Blind feature engineering

3

1

I received a dataset for analysis that had ~100 numeric columns with anonymous column names($X1$, $X2$, $X3$, etc...) and asked to do a binary classification. My resulting classification algorithm using a SVM had good accuracy (> 95%), but I was unable to do much in the way of feature engineering or feature generation other than the standard scaling, null-value replacement, etc, since I had no intuition about the columns.

Is there any standard logic as to how to do some sort of automated feature generation, i.e. some simple mathematical combinations of various columns to create new, useful features? Does this sort of thing have any mathematical basis for linear or tree-based models? Or is feature engineering only really meaningful when one has intuition based on the column names...

shwan

Posted 2019-07-30T03:15:46.577

Reputation: 153

You can try analyzing the feature importance of the cols and then try to use statistics and decipher the meaning of the underlying cols – Aditya – 2019-07-30T05:35:12.227

1

Maybe relevant to your question http://www.orges-leka.de/automatic_feature_engineering.html The method is based on Bourgain Embedding.

– None – 2019-08-31T15:42:06.497

95% accuracy sounds good, but what's your class size distribution? – Itamar Mushkin – 2020-06-30T14:23:18.570

Answers

1

I think your question has multiple answers. Let's start with a tool created with this purpose named featuretools. You can read more about it on the excellent documentation, but just to give you an intuition, think about a dataset that is on transaction level, that is, you have one row a new transaction, and then you want to make predictions based on customer level, you will create a series of features based on transactions, for example:

  • mean, max, min, sum, std of transactions values
  • number of transactions
  • number of unique products bought
  • ...

This tool will automate all these tasks based on entity sets and relationships between your datasets.

Now, think about your situation, you might use PolynomialFeatures from scikit-learn to generate interactions and polynomial features that is more automated than other approaches.

Having said that, based on your score, in a real application, using these approaches, or trying to improve performance using more features, is overwhelming and not useful. We use kaggle as our standard training, and I think it is really good, but business requires explanation as well, and they will be happy with less predictive algorithm if they can trust on it.

Victor Oliveira

Posted 2019-07-30T03:15:46.577

Reputation: 725

Explanation is hard with anonymous columns. – Itamar Mushkin – 2020-06-30T14:24:10.517

What do you mean by that? @ItamarMushkin – Victor Oliveira – 2020-06-30T14:31:50.713

0

Another related problem, which I think worth considering, before generating more features, is to determine which columns are important for classification task, i.e. improve prediction of target variable.

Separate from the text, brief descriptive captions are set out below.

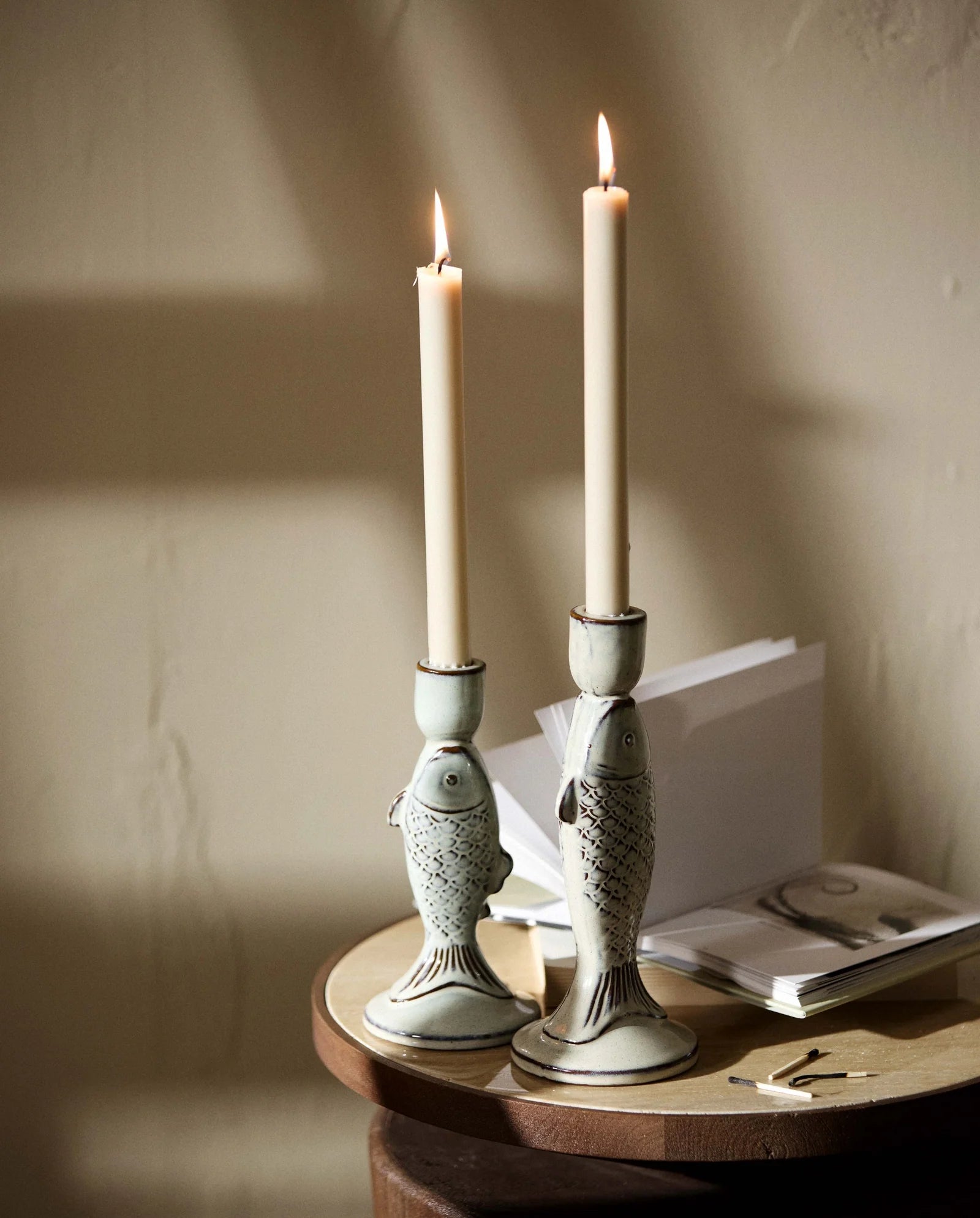 four beige taper candles standing upright on a white background, with fluted textured bases and white wicks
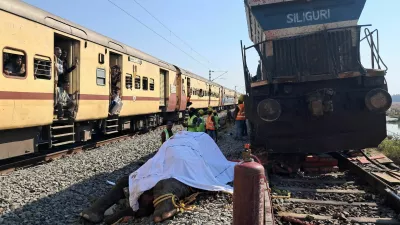 Train passengers use their mobile phones to take photographs of a dead elephant after it was hit by a train in Hojai district in the eastern state of Assam, India, December 20, 2025. REUTERS/Biki Das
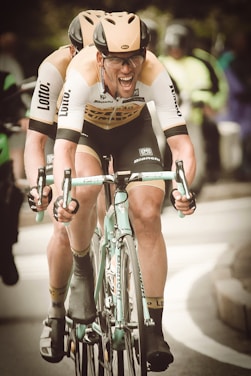 Two cyclists are in motion, wearing matching beige helmets and jerseys with logos. The cyclist in front is visibly exerting effort, gripping the handlebars tightly and has an intense expression. They are in a competitive race setting with blurred figures and greenery in the background.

One common way is to rely on feature importance scores, but a disadvantage of this is that the scores are only available after training model. To guess which features improve prediction of target variable before training, we can compute correlation among features and target. Note that correlation computation only works for numeric features. To measure relationship between a categorical feature and a numeric target, we need other measurements, called association. You can find out more in this nice article.

Victor Luu

Posted 2019-07-30T03:15:46.577

Reputation: 223